Friday, September 9, 2011

Play Review: Caesar and Cleopatra

I am reviewing a play that was written in 1898, that most people have never seen or read, by a person most people have never heard of. But like most of my reviews, it lets me make a more general point.

I mentioned the play last week and noted that it had a quote I liked and seemed good.

Then I read it, and found that the first impression was wrong. That one scene was the only good part of the play.

I should specify why the play was bad. It was quite well-written, full of good quotes and characterization, and plenty of cleverness and wit. It is bad because of its moral core. It is one more thing to add to the list of art in the spirit of Triumph of the Will: high quality propaganda for a really nasty mindset, just like Gone with the Wind and Bonfire of the Vanities.

The author, George Bernard Shaw, combines a caustic hatred of his own society with a gushing admiration of antiquity. Either one of these things alone is bad enough, but the two of them together is truly obnoxious.

He seems mainly motivated by a Nietzschen morality. Here is what he says in the notes at the end of the play:

Hence, in order to produce an impression of complete disinterestedness and magnanimity, he has only to act with entire selfishness; and this is perhaps the only sense in which a man can be said to be naturally great. It is in this sense that I have represented Caesar as great. Having virtue, he has no need of goodness.

and

For this raises the question whether our world has not been wrong in its moral theory for the last 2,500 years or so.

Apparently what he likes about the ancient world is that it had 'great' men who used it as their playground. The play of full of contempt for the officers and leaders of his contemporary Britain, which by any objective measure except longevity is the greatest empire the world has ever seen. In terms of power, scope, audacity, morality, and positive effect on the peace and prosperity of the world, it far outclassed ancient Rome.

Anything that is to be admired about ancient Rome or Egypt, and there is much to admire, was even better in Britain. Anything to hate about Victorian Britain, and there is much to hate, was far worse in antiquity.

The one exception might be art and architecture. I happen to agree with his contention that the ancient Egyptians had better taste in interior decoration than the Victorian British. But this is utterly irrelevant to any serious judgment of a society.

The glorification of antiquity is pretty common. Lots of people like to make a political point by saying bad things about parts of their society they do not like. They use places that are far away in either time or space as a kind of imaginary utopia, claiming the imagined virtues of these other places and times as part of their own political ideals.

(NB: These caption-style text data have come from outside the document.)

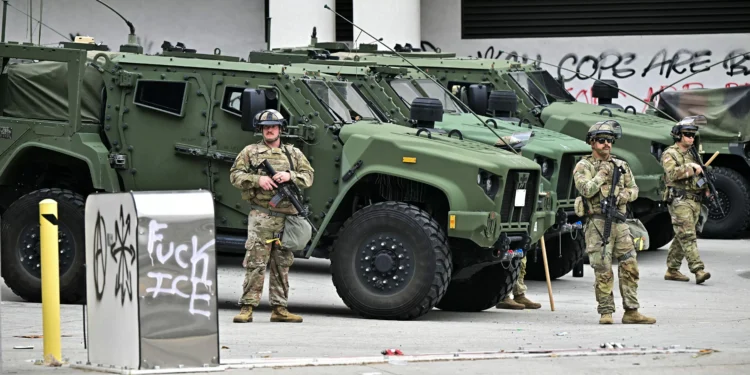 Trump’s Dangerous Decision to Suppress Anti-ICE Protests With Troops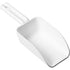 Vikan Remco 63005 Color-Coded Plastic Hand Scoop - BPA-Free Food-Safe Kitchen Utensils, Restaurant and Food Service Supplies, 16 oz, White, 6300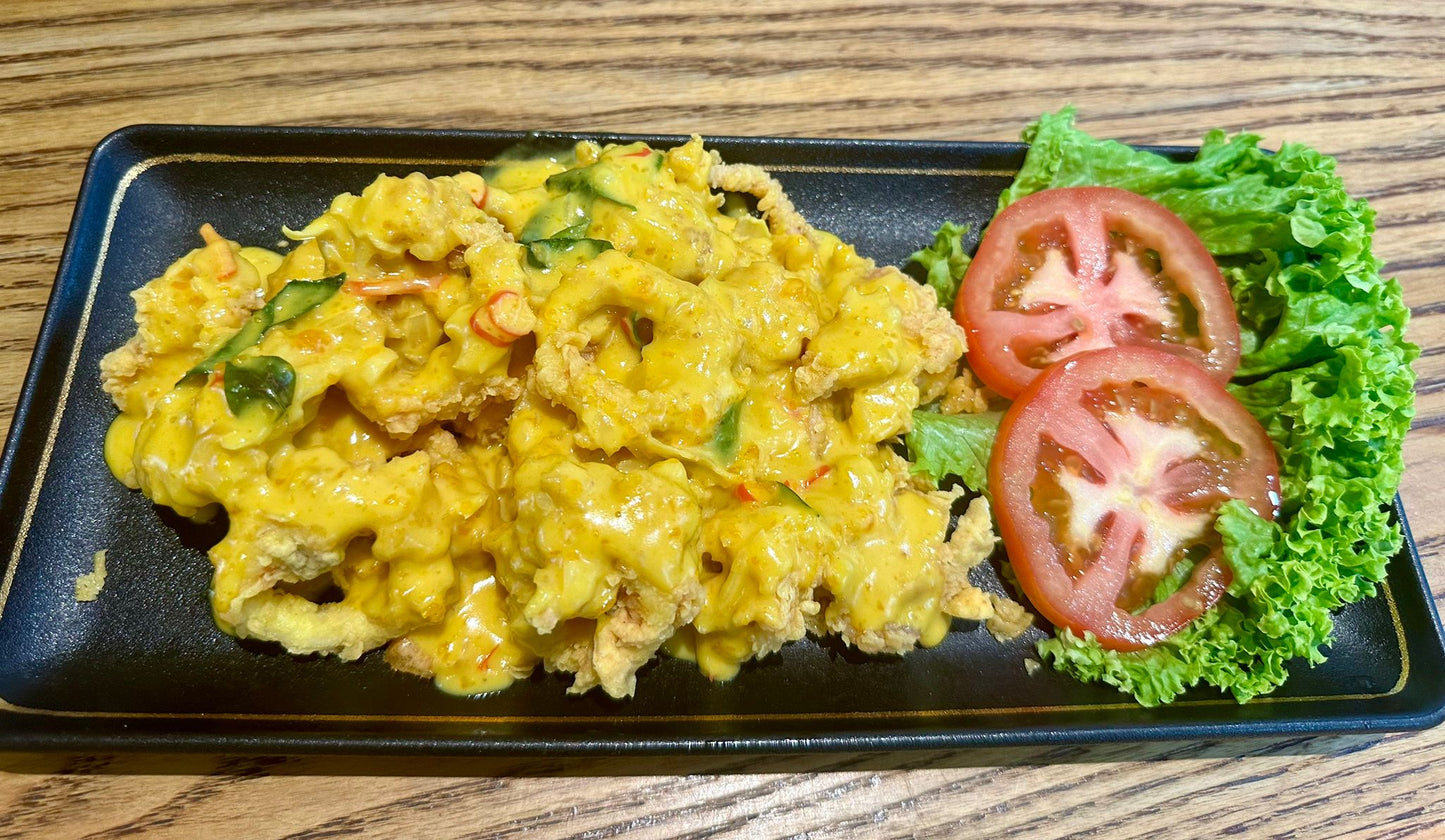 SF23. Buttermilk Salted Egg Squids 酪乳咸蛋鱿鱼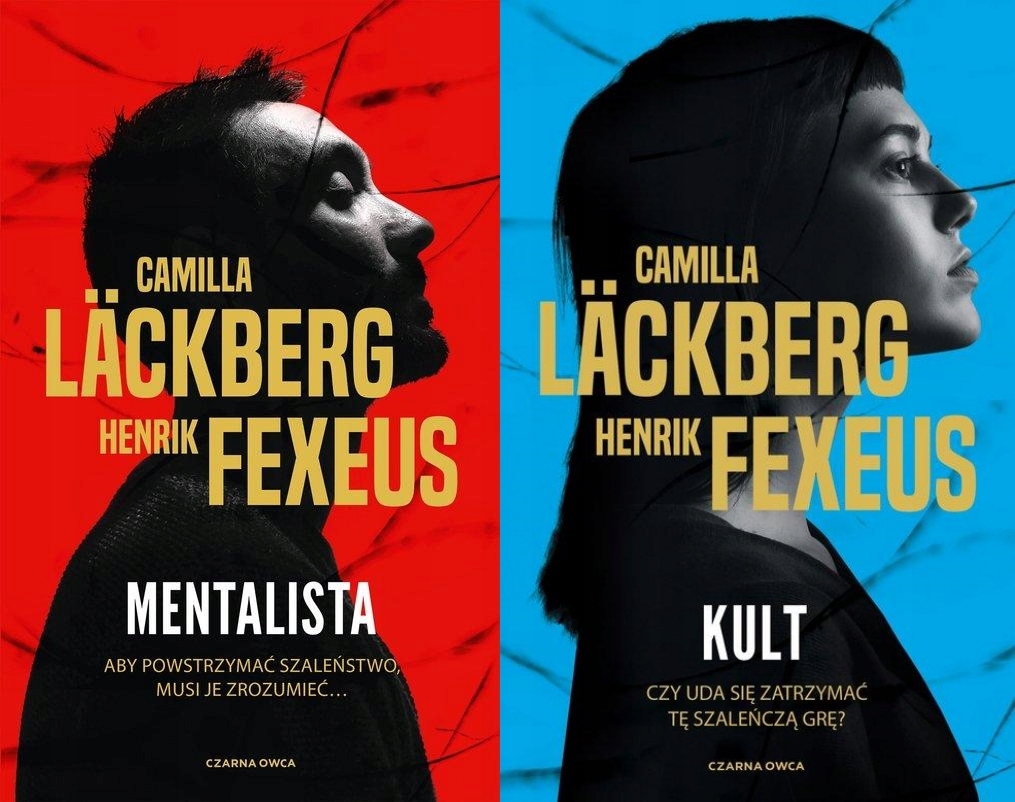 

Kult/ Mentalista Pakiet x2 Camilla Lackberg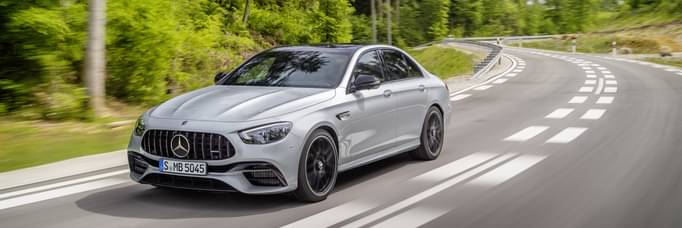 New Mercedes-AMG 4MATIC+ Saloon is nearly here.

But the main problem with the play was a moral lesson that was powerfully delivered, persuasive, and totally wrong and evil. The play says, repeatedly and explicitly, that it is better for agents of the government to personally kill people they decide must die, instead of executing them after due process of law. This summary execution is portrayed as a noble virtue, while calling a court session to dispense justice is seen as weakness and vice.

Basically, George Bernard Shaw is attacking the very foundation of a free society, and championing the worst kind of despotism. In order to see how he manages to insinuate this twisted moral lesson into the mind of the reader, you would have to read through the whole play, which I do not recommend unless you are interested in social history and have a well-developed moral philosophy.

It may or may not be a coincidence that George Bernard Shaw was a Fabian Socialist, a eugenicist, and a vocal supporter of Stalin.